> [THE TASK] For this exercise, retype the lines from the one that holds "Deals ❤️ Tape" through the one that holds "LAB CREATED 0.70" in the records below, both included, exactly and without pictures.

> [RECORDS SHOWN]
+++

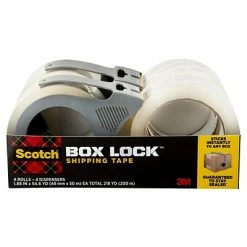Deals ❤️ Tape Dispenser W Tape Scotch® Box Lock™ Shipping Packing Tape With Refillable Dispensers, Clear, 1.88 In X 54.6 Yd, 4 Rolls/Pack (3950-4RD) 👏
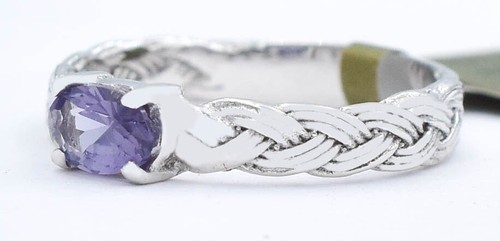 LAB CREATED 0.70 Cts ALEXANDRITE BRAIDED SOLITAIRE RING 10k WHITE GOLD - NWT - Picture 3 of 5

+++

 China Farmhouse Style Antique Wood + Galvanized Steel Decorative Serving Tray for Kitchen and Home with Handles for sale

+++

> [EXPECTED ANSWER]
Deals ❤️ Tape Dispenser W Tape Scotch® Box Lock™ Shipping Packing Tape With Refillable Dispensers, Clear, 1.88 In X 54.6 Yd, 4 Rolls/Pack (3950-4RD) 👏
 LAB CREATED 0.70 Cts ALEXANDRITE BRAIDED SOLITAIRE RING 10k WHITE GOLD - NWT - Picture 3 of 5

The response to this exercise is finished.